◆ **Extracted data**

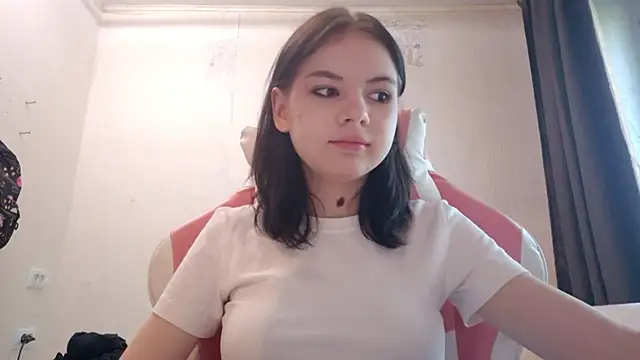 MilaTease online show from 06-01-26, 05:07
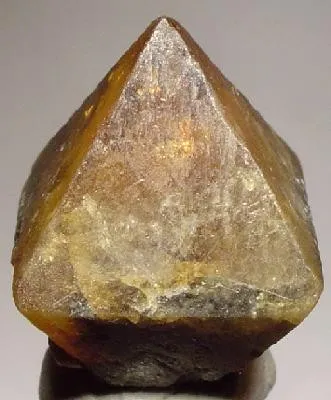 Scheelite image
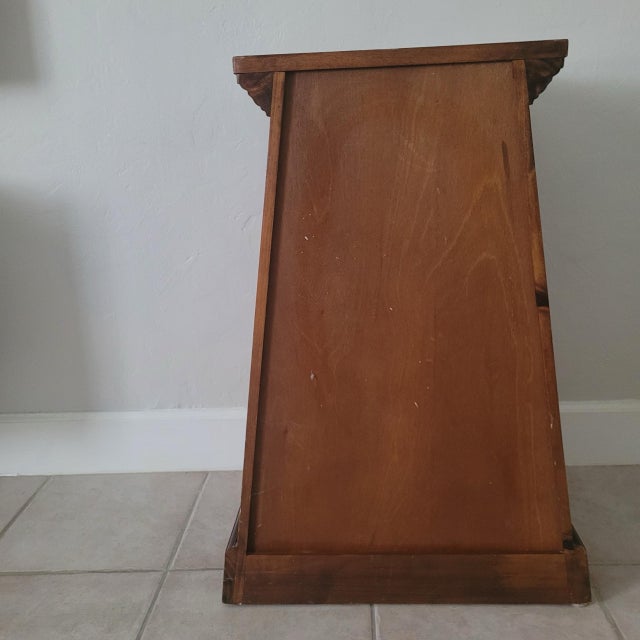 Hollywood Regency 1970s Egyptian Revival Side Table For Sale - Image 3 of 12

...

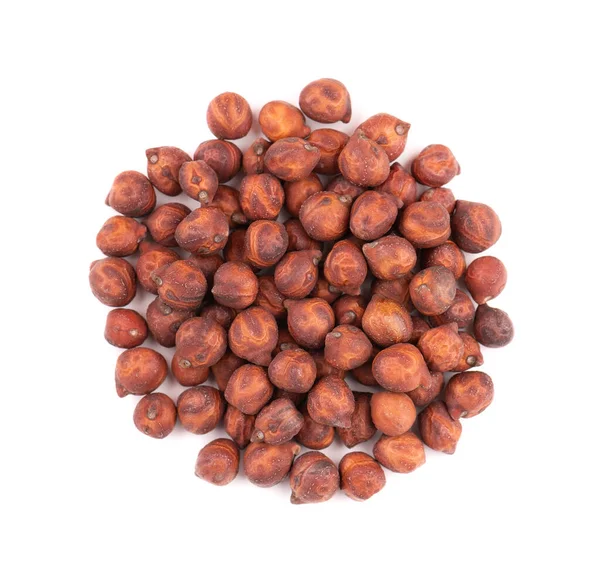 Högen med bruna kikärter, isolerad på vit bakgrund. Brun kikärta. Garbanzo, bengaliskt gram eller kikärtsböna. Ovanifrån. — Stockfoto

◆ **Instructions to follow**
An exact copy is needed of the stretch above that opens with the line containing "Scheelite image" and closes with the line containing "Hollywood Regency 1970s"; the pictures are not part of it.

◆ **Exercise result**
 Scheelite image
 Hollywood Regency 1970s Egyptian Revival Side Table For Sale - Image 3 of 12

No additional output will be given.